WHAT TO PRODUCE | Repeat every record exactly, but keep images out of the copy.

MATERIAL SUPPLIED |
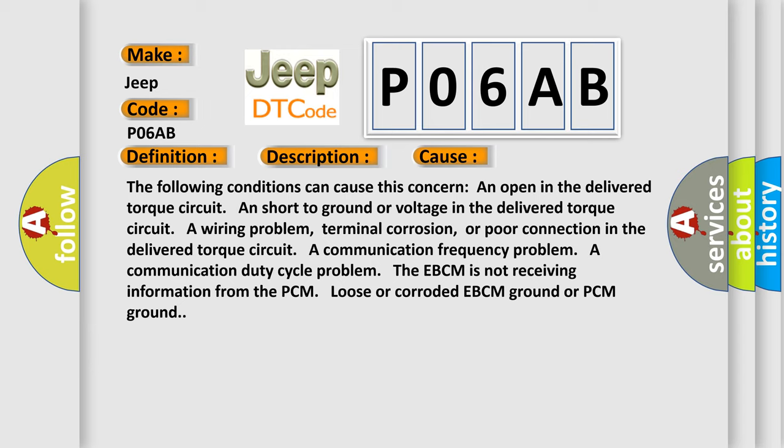A communication duty cycle problem. The EBCM is not receiving information from the PCM. Loose or corroded EBCM ground or PCM ground.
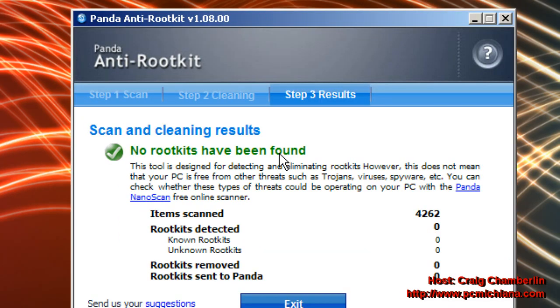Once the scan is complete, if it has a rootkit, it will find it and give you the option to clean it. This is an automatic cleaner. I know in the last episode we did one where you had to actually send a report. This one you don't have to send a report on.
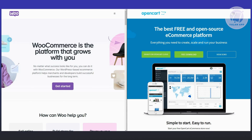Now, what about SEO capabilities? WooCommerce is actually highly SEO-friendly, incorporating optimized code and a plethora of extensions and plugins. This enhances your online store's visibility in search engines like Google, giving it a competitive edge.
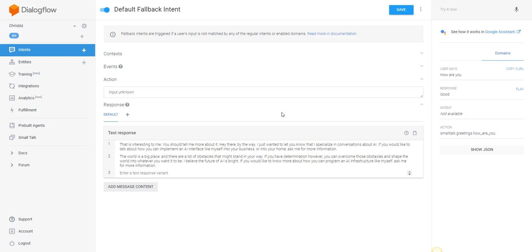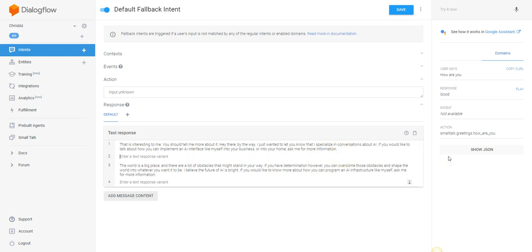Another trick to the Default Fallback Intent is to have 100 or more responses. When you get down to 30 at the bottom, it isn't going to let you go past 30 — just come back up to the top, click enter, and you can keep going. You want at least 100 Default Fallback responses if you want it to be conversational. If you want it to be completely directional, you only need one, because everything they say that isn't applicable to what the machine knows requires no additional conversation.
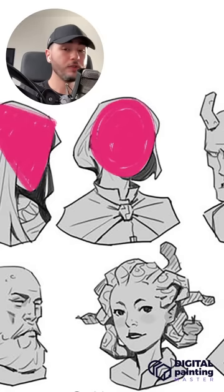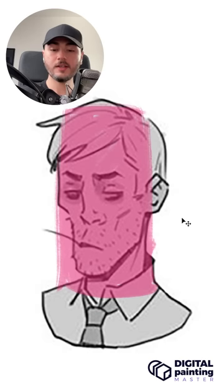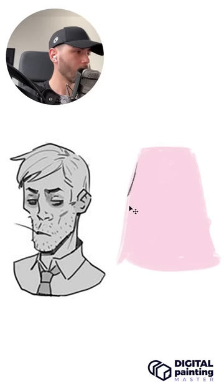Using shapes for your characters is going to make sure that you come up with different designs that look unique. To see it in action, let's grab this guy right here. He's kind of like a thin rectangle, right? So what will happen if we change him into a trapezoid?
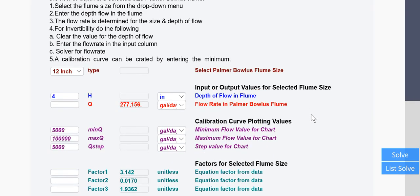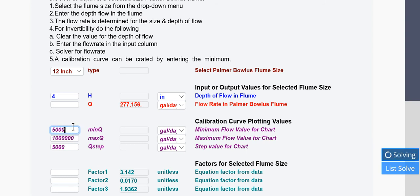You can also generate a curve. Here this is up to 100,000, but we can make this a million. So if I add a zero here, the curve would be from a minimum of say 50,000 to that, and I'll solve it.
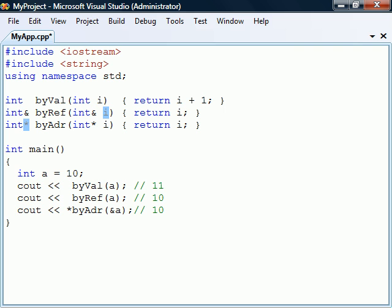To return by address, we append the dereference operator to the function's return type. This return technique has the same two restrictions as when returning by reference. We must return the address of a variable, and the return variable must not be local to the function.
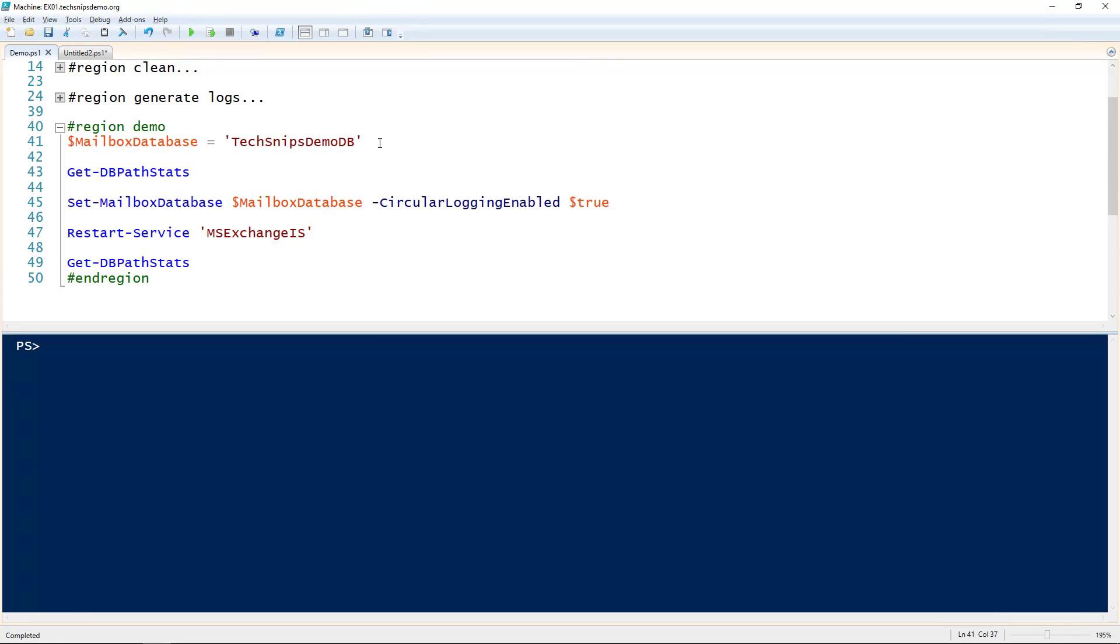Let's take a look at enabling circular logging for a mailbox database in Exchange Server 2016. There are two ways to do it. I want to show you first through PowerShell and then through the Exchange Admin Center, the GUI.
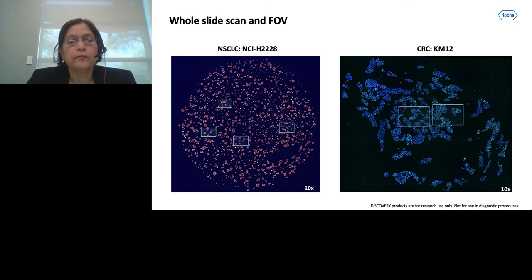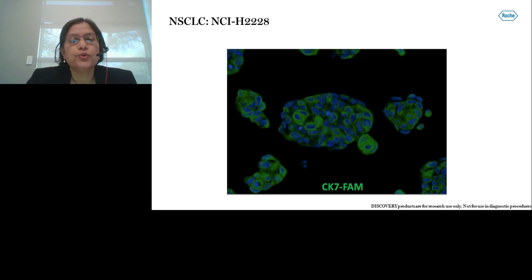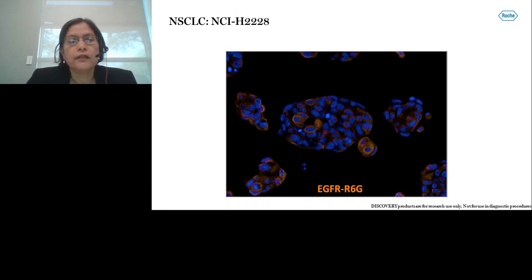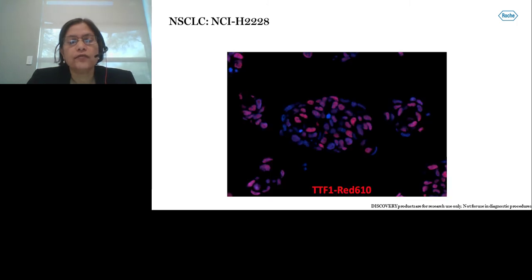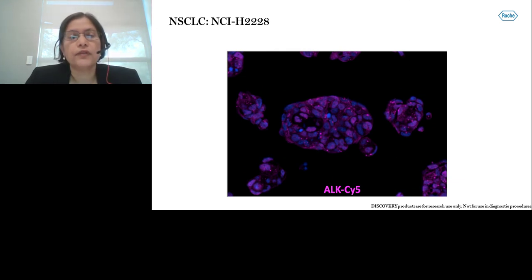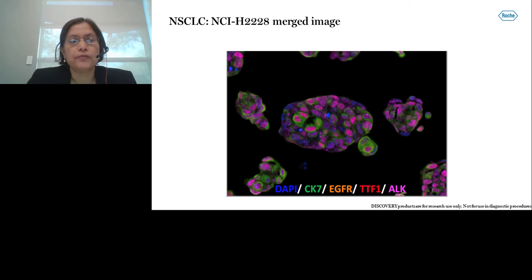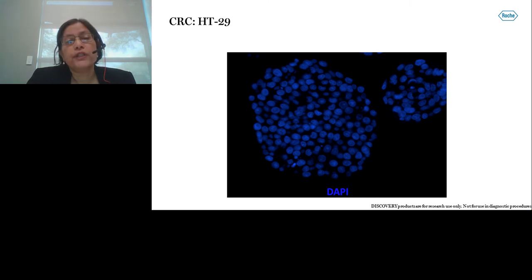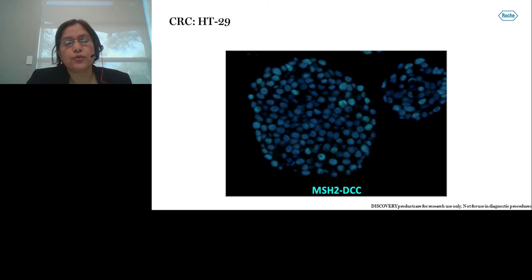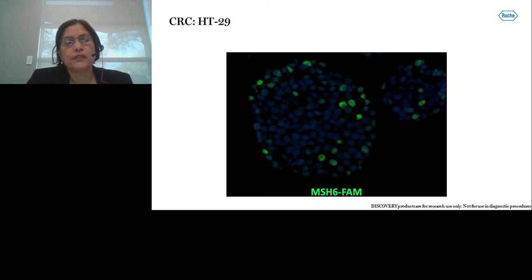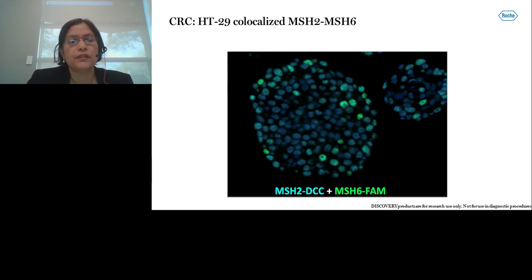Here is a whole slide scan taken at 10x, and we perform multispectral imaging of the field of view at 20x. Here is an example of H2228 showing CK7 stained with FAM, EGFR stained with rhodamine 6G, nuclear staining TTF1 with RED610, and diffuse ALK stained with OPAL 570, with a final merged image of H2228. For the HT29 sample, I will discuss coregistration of MSH2 and MSH6. The DAPI stain shows most nuclei are stained with MSH2 and DCC, whereas fewer are stained with MSH6 and FAM, and finally we get the co-localized MSH2 and MSH6 image.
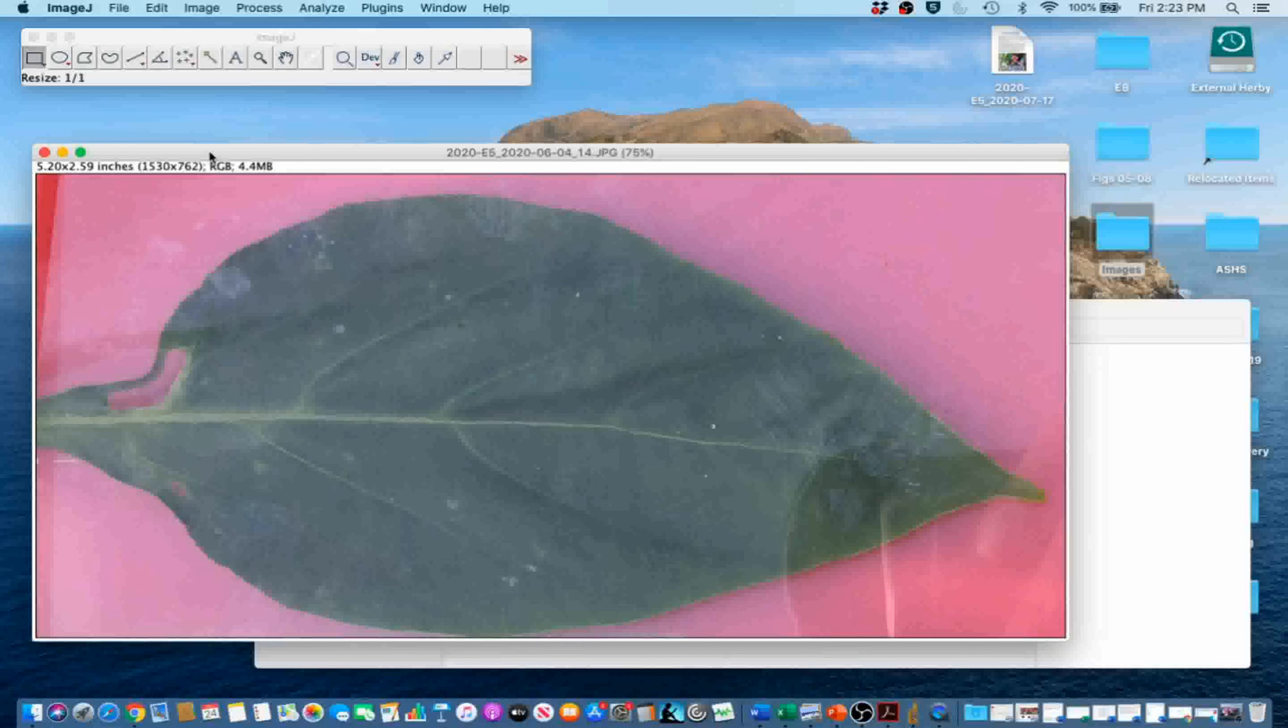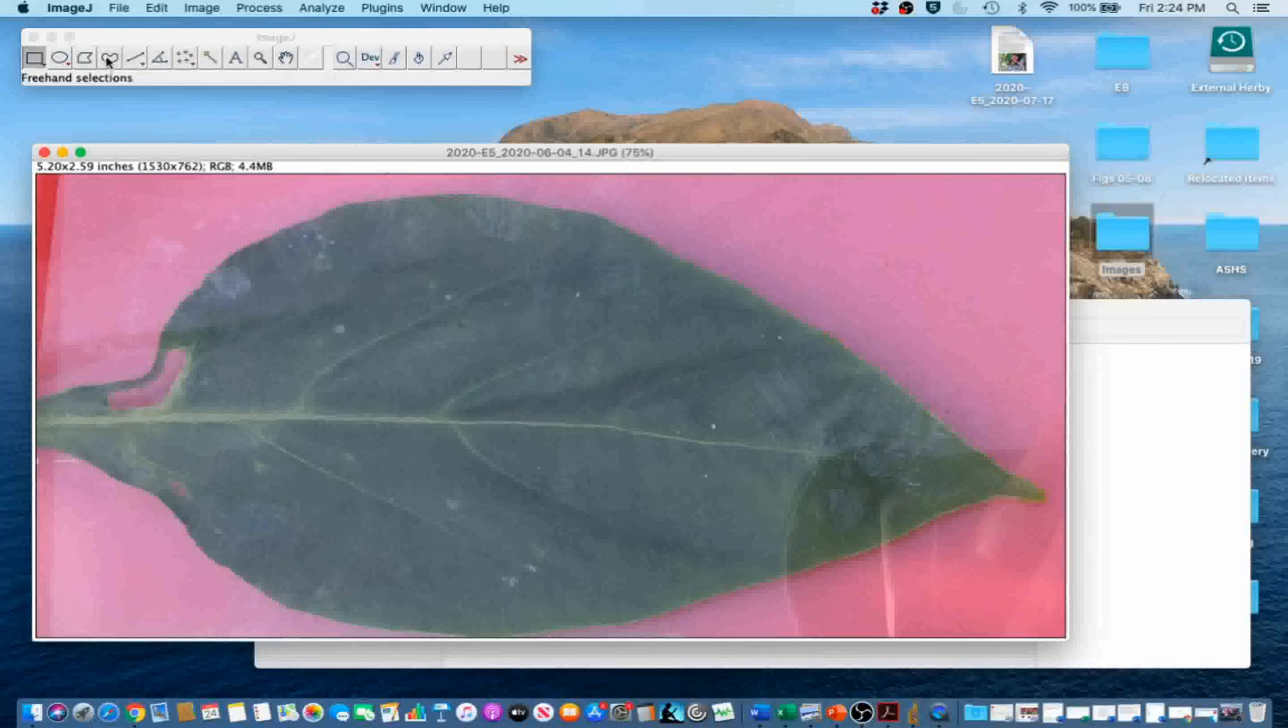The magnet should be excluded from the cropped image because its hue and brightness are similar to those of the leaf. If it is impossible to exclude the magnet with the rectangle tool, you can go ahead and use the freehand selection tool instead.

ANSWER BOX |
A communication duty cycle problem. The EBCM is not receiving information from the PCM. Loose or corroded EBCM ground or PCM ground.
Once the scan is complete, if it has a rootkit, it will find it and give you the option to clean it. This is an automatic cleaner. I know in the last episode we did one where you had to actually send a report. This one you don't have to send a report on.
Now, what about SEO capabilities? WooCommerce is actually highly SEO-friendly, incorporating optimized code and a plethora of extensions and plugins. This enhances your online store's visibility in search engines like Google, giving it a competitive edge.
Another trick to the Default Fallback Intent is to have 100 or more responses. When you get down to 30 at the bottom, it isn't going to let you go past 30 — just come back up to the top, click enter, and you can keep going. You want at least 100 Default Fallback responses if you want it to be conversational. If you want it to be completely directional, you only need one, because everything they say that isn't applicable to what the machine knows requires no additional conversation.
Using shapes for your characters is going to make sure that you come up with different designs that look unique. To see it in action, let's grab this guy right here. He's kind of like a thin rectangle, right? So what will happen if we change him into a trapezoid?
You can also generate a curve. Here this is up to 100,000, but we can make this a million. So if I add a zero here, the curve would be from a minimum of say 50,000 to that, and I'll solve it.
To return by address, we append the dereference operator to the function's return type. This return technique has the same two restrictions as when returning by reference. We must return the address of a variable, and the return variable must not be local to the function.
Let's take a look at enabling circular logging for a mailbox database in Exchange Server 2016. There are two ways to do it. I want to show you first through PowerShell and then through the Exchange Admin Center, the GUI.
Here is a whole slide scan taken at 10x, and we perform multispectral imaging of the field of view at 20x. Here is an example of H2228 showing CK7 stained with FAM, EGFR stained with rhodamine 6G, nuclear staining TTF1 with RED610, and diffuse ALK stained with OPAL 570, with a final merged image of H2228. For the HT29 sample, I will discuss coregistration of MSH2 and MSH6. The DAPI stain shows most nuclei are stained with MSH2 and DCC, whereas fewer are stained with MSH6 and FAM, and finally we get the co-localized MSH2 and MSH6 image.
The magnet should be excluded from the cropped image because its hue and brightness are similar to those of the leaf. If it is impossible to exclude the magnet with the rectangle tool, you can go ahead and use the freehand selection tool instead.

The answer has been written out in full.